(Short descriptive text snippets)
--

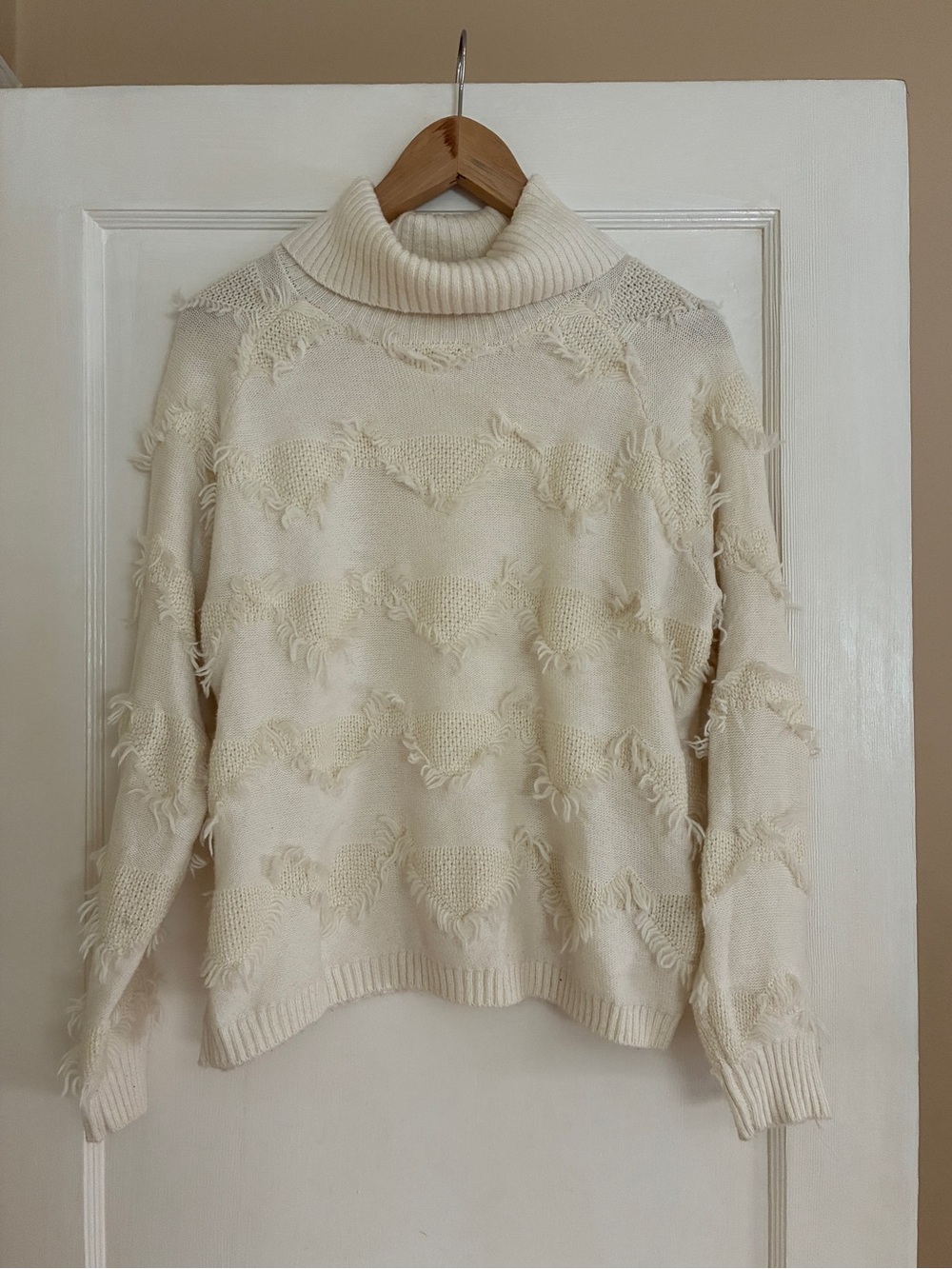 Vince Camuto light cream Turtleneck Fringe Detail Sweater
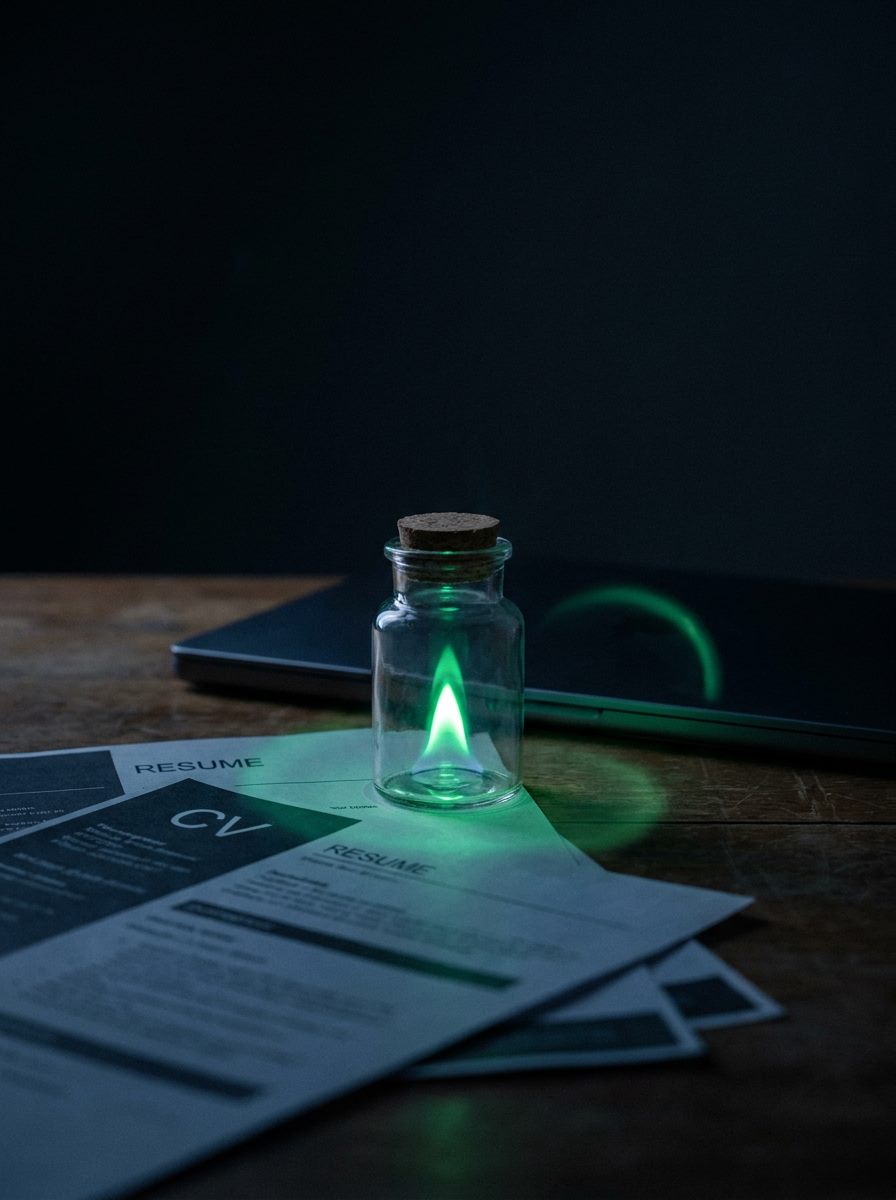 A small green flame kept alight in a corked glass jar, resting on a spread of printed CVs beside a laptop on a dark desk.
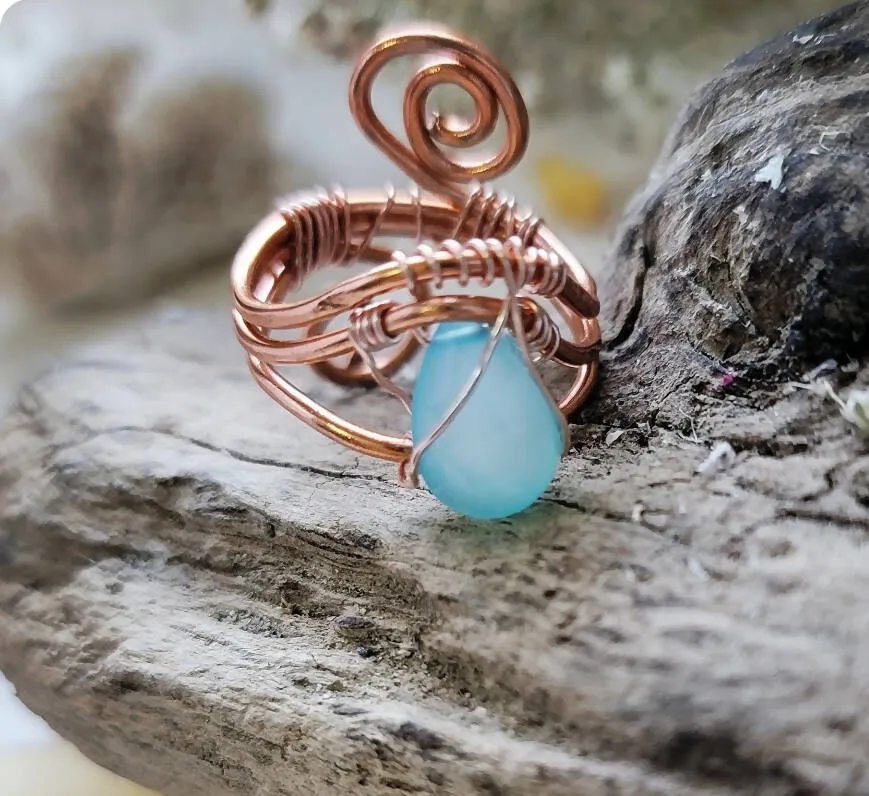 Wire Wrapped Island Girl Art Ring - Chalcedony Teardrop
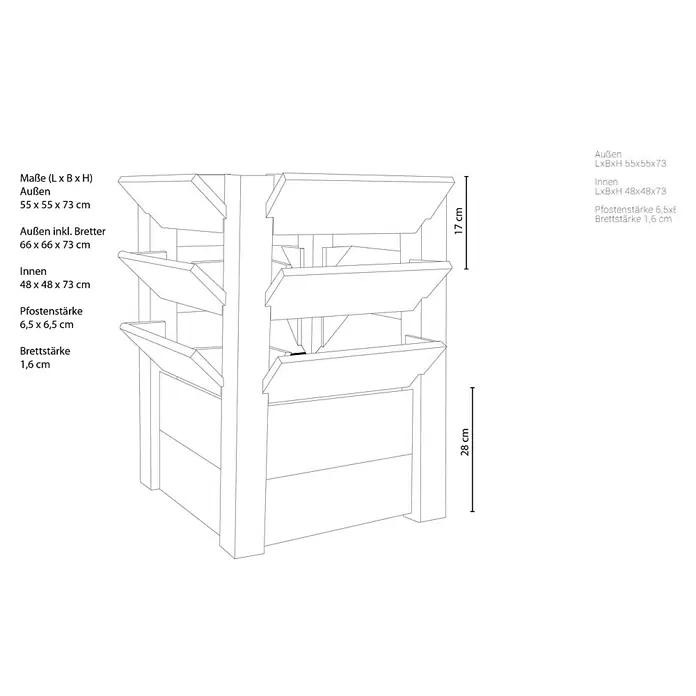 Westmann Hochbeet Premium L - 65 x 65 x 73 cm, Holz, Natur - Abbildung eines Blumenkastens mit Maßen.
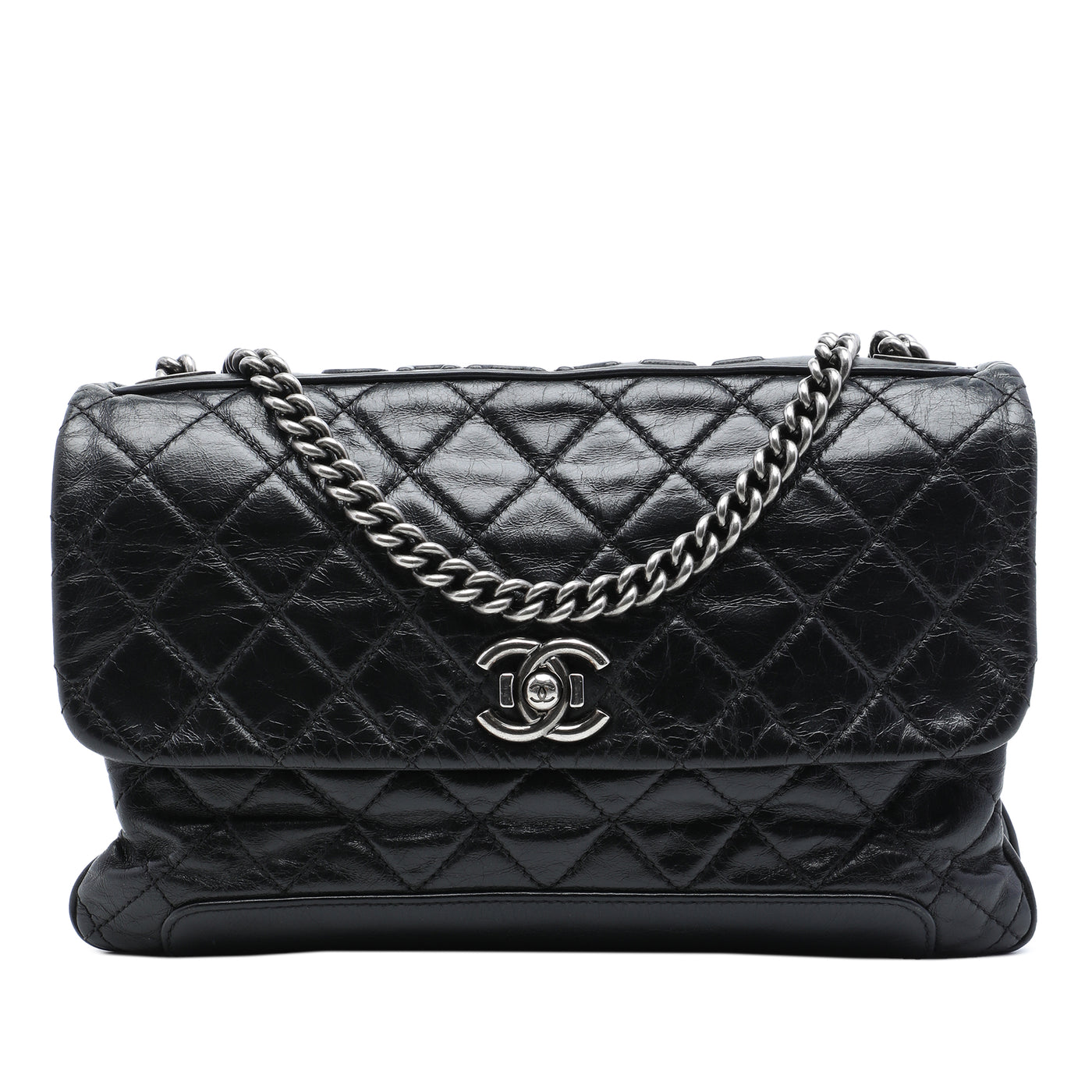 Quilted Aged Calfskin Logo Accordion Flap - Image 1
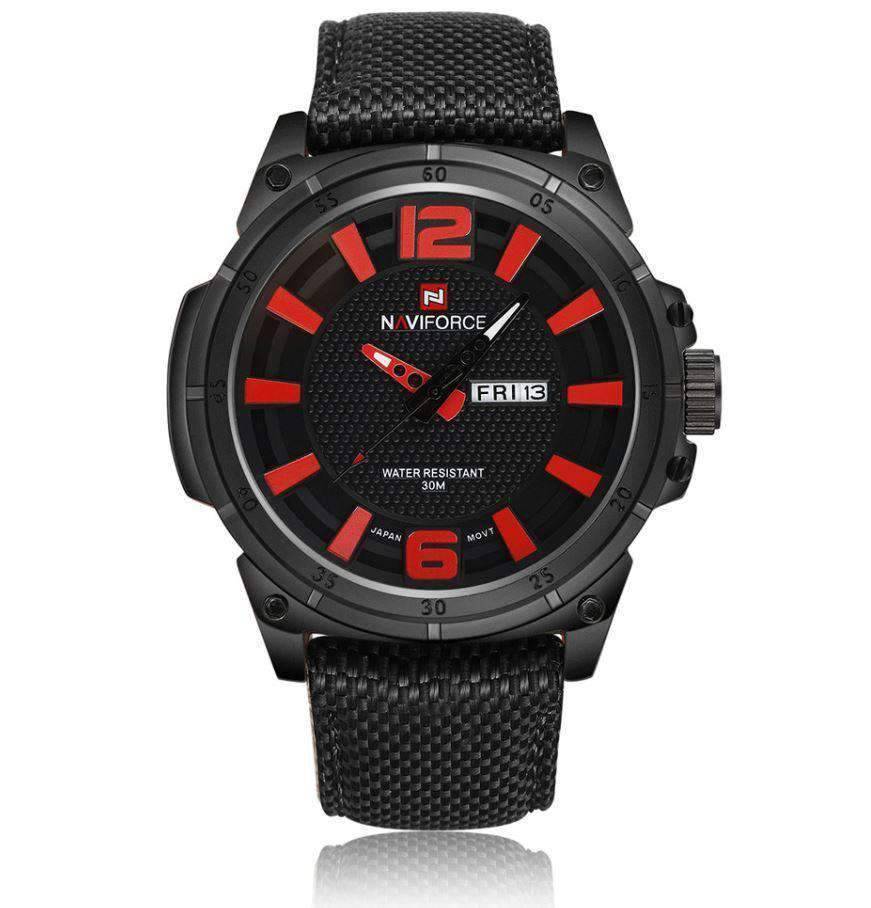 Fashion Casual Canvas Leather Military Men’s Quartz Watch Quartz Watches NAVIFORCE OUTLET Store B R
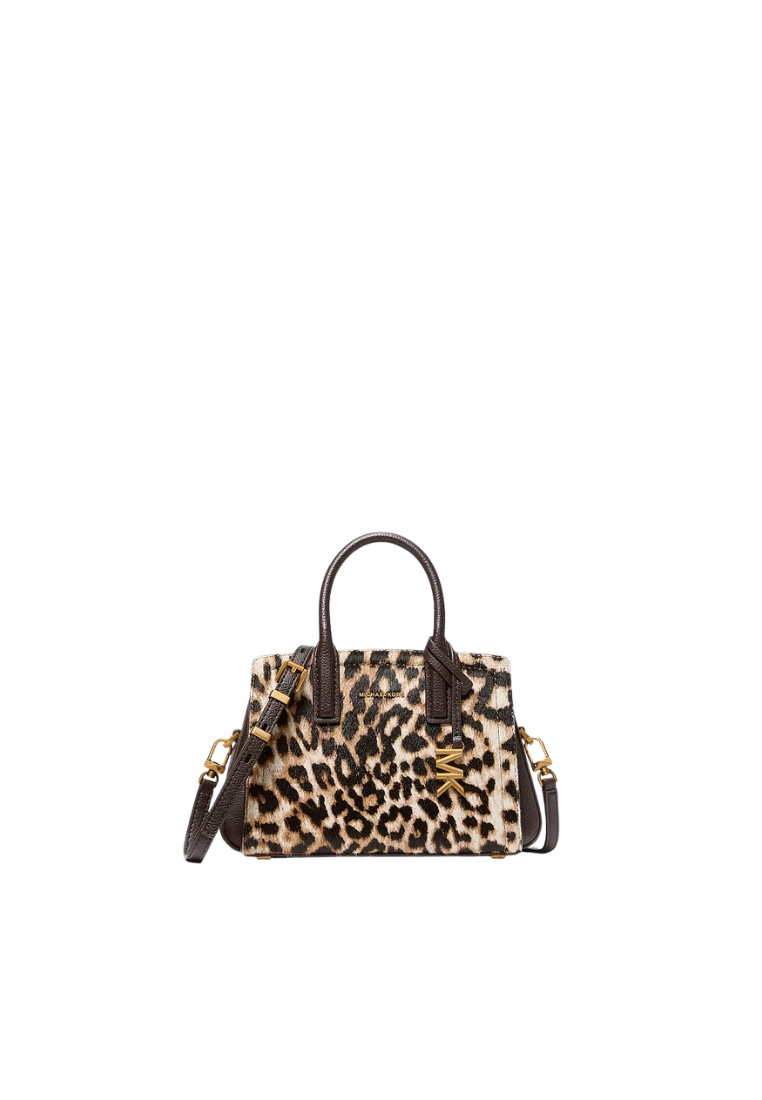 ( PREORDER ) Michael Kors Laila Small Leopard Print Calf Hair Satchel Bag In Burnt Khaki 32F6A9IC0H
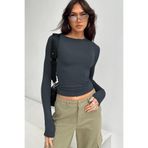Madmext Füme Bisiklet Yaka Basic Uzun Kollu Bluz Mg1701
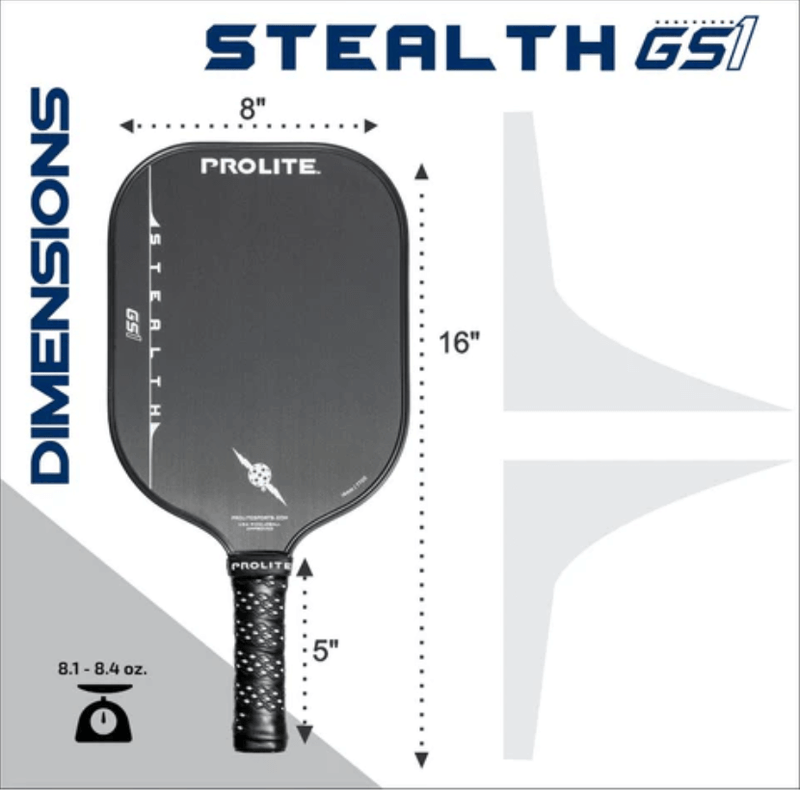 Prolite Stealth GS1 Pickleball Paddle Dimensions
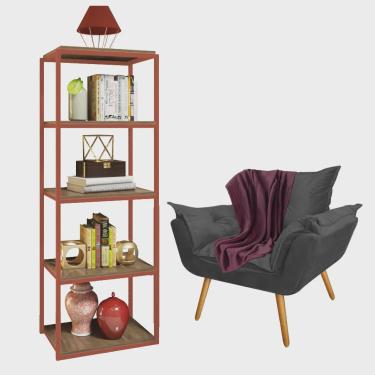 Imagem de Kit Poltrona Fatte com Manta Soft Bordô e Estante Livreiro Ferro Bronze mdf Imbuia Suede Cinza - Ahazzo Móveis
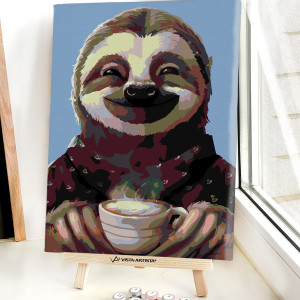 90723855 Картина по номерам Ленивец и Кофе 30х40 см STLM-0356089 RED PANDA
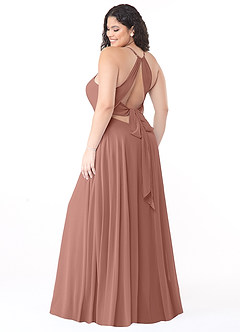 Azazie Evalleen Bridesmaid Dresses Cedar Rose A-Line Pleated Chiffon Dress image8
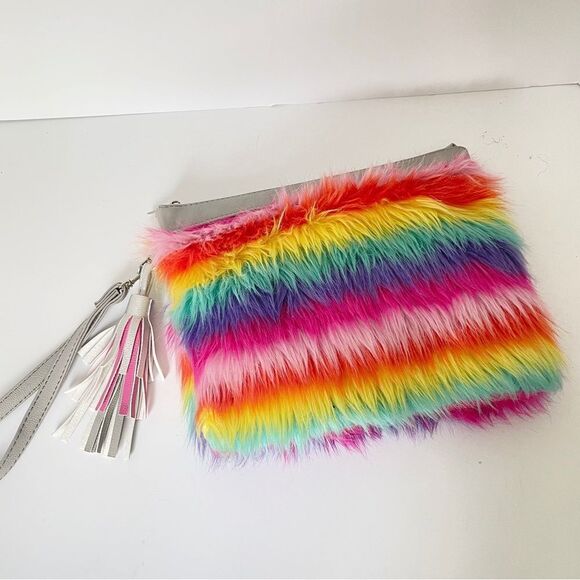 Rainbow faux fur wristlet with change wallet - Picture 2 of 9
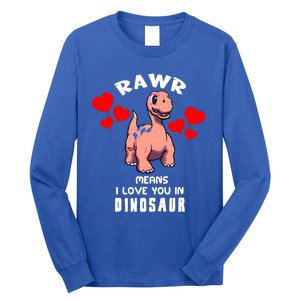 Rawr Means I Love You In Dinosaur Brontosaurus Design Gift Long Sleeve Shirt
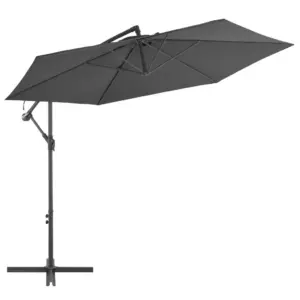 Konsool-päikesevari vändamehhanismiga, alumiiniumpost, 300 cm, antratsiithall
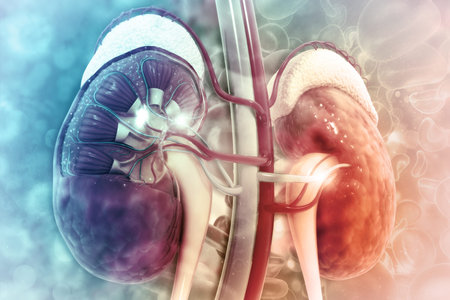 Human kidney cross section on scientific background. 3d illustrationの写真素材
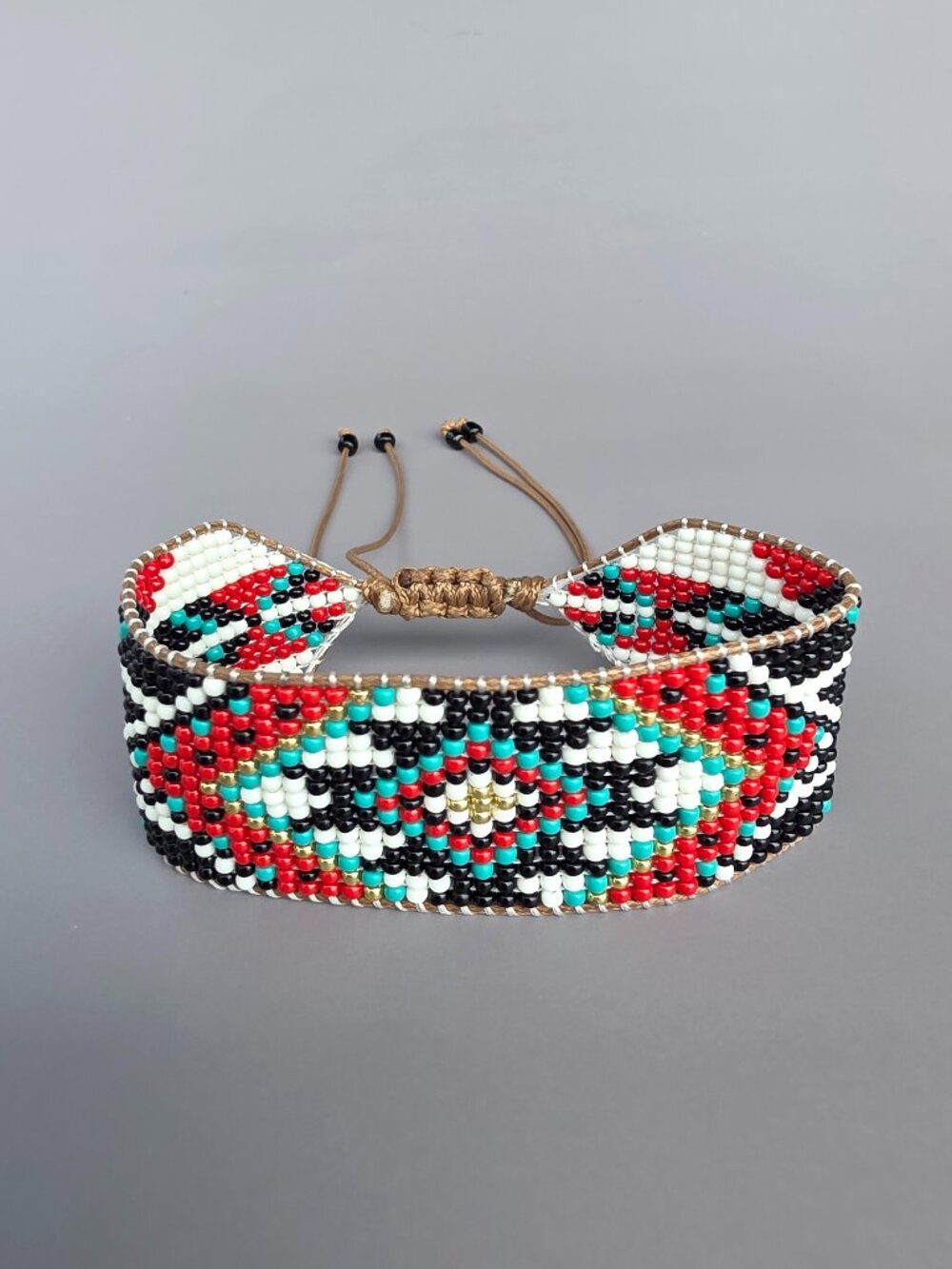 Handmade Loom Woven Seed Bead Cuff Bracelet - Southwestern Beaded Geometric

--

Using the entries above, transcribe exactly from the line that has "Rainbow faux fur" through the line that has "Konsool-päikesevari vändamehhanismiga, alumiiniumpost, 300". Pictures are dropped.

 Rainbow faux fur wristlet with change wallet - Picture 2 of 9
 Rawr Means I Love You In Dinosaur Brontosaurus Design Gift Long Sleeve Shirt
 Konsool-päikesevari vändamehhanismiga, alumiiniumpost, 300 cm, antratsiithall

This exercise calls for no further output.